- [What you need to do]:
Exactly as written and without the pictures, output the entries below.

___ Provided information

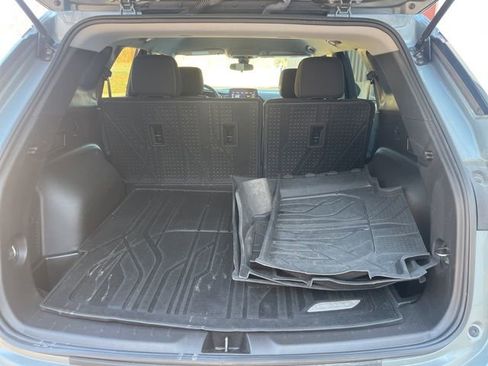 Used 2024 Chevrolet Blazer LT w/ Driver Confidence Package image 8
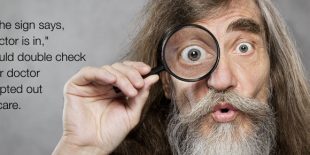 Medicare: know your limits and your doctor photo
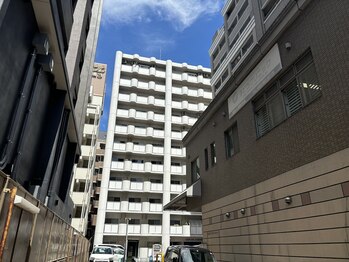 ノノケケ(NONOKEKE)/【大橋｜脱毛】マンション外観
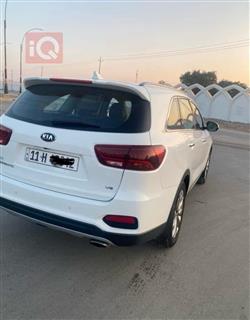 کیا سۆرینتۆ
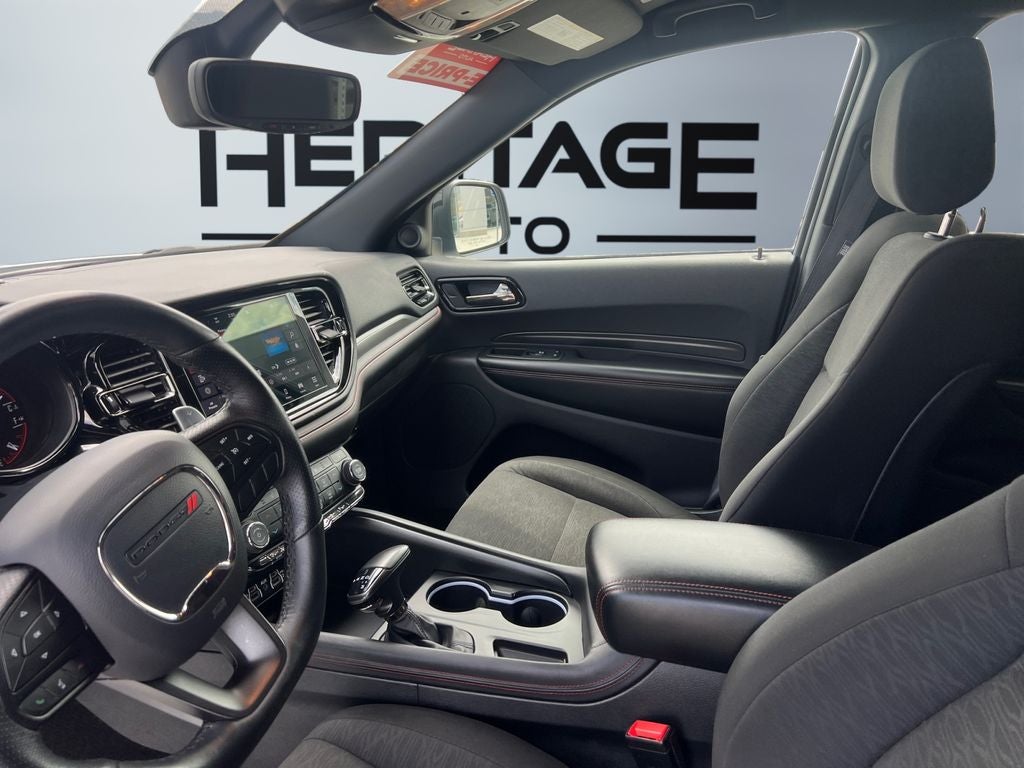 2025 Dodge Durango GT AWD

______

- [Solution for this exercise]:
 Used 2024 Chevrolet Blazer LT w/ Driver Confidence Package image 8
 Medicare: know your limits and your doctor photo
 ノノケケ(NONOKEKE)/【大橋｜脱毛】マンション外観
 کیا سۆرینتۆ
 2025 Dodge Durango GT AWD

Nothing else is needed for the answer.